Tuesday, November 27, 2012


Indical Learning

Thomas Fuller (1608-1661), The History of the Worthies of England, new ed., Vol. II (London: Printed for Thomas Tegg, 1840) p. 460 (on Alan of Lynn):
Great his diligence in reading many and voluminous authors; and no less his desire that others with him should reap the fruit of his industry, to which end he made indexes of the many writers he perused.
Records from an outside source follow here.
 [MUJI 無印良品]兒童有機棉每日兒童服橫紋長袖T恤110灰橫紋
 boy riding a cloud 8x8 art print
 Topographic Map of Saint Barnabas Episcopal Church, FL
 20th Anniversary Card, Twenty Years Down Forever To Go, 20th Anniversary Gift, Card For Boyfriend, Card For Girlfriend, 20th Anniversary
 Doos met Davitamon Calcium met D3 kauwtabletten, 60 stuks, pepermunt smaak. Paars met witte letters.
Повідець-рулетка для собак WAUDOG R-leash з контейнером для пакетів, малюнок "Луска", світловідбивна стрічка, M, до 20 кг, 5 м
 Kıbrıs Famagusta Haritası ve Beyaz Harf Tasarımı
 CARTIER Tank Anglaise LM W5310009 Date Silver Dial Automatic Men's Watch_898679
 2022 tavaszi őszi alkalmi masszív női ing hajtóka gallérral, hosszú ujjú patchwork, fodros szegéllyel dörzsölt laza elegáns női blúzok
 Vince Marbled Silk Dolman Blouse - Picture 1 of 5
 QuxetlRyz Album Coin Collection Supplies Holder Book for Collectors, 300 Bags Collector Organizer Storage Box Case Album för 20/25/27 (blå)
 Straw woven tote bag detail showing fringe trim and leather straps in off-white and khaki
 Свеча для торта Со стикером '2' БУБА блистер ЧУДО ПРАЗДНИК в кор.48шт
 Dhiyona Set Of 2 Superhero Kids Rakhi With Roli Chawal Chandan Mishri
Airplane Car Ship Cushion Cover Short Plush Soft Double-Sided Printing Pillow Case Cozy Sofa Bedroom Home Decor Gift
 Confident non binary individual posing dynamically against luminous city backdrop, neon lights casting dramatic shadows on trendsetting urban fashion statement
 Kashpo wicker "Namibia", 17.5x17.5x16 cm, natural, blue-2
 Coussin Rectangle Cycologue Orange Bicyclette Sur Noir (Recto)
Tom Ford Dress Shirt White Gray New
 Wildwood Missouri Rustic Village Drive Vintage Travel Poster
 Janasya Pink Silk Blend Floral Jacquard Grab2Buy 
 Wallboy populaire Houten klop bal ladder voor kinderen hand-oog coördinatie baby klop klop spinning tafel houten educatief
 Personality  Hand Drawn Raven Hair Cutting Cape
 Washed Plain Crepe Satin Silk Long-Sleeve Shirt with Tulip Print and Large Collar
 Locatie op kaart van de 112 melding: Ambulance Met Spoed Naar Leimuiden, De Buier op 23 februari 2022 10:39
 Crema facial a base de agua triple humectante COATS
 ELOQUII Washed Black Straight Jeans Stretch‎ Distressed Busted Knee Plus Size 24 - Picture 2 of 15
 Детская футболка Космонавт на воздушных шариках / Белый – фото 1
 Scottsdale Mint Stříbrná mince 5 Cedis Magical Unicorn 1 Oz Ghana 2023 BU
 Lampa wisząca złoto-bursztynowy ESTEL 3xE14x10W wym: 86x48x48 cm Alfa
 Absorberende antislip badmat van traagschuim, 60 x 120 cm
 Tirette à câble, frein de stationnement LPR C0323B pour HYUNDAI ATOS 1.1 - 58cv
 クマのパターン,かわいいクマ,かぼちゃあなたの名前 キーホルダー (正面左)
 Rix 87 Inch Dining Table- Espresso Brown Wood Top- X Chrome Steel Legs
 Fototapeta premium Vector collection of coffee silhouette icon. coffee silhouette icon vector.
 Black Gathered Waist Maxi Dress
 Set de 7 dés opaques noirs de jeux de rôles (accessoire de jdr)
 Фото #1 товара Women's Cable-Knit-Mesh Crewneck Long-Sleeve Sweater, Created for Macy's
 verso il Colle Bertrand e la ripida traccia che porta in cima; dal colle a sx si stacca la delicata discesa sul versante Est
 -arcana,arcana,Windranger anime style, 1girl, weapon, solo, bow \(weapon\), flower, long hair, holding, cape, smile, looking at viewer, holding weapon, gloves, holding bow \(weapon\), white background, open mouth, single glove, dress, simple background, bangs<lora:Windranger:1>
An Index is a necessary implement, and no impediment, of a book, except in the same sense wherein the carriages of an army are termed impedimenta. Without this, a large author is but a labyrinth without a clue to direct the reader therein. I confess there is a lazy kind of learning which is only indical; when scholars (like adders which only bite the horse heels) nibble but at the tables, which are calces librorum, neglecting the body of the book. But though the idle deserve no crutches (let not a staff be used by them, but on them;) pity it is the weary should be denied the benefit thereof, and industrious scholars prohibited the accommodation of an index, most used by those who most pretend to contemn it.

Claude Raguet Hirst, The Bookworm's Table

Dear Mike,

I can't resist pointing out that Fuller's Worthies itself has no index. This want was only supplied after the author's death, with a 12-page An Alphabetical Index to Fuller's Worthies of England (London, 1737).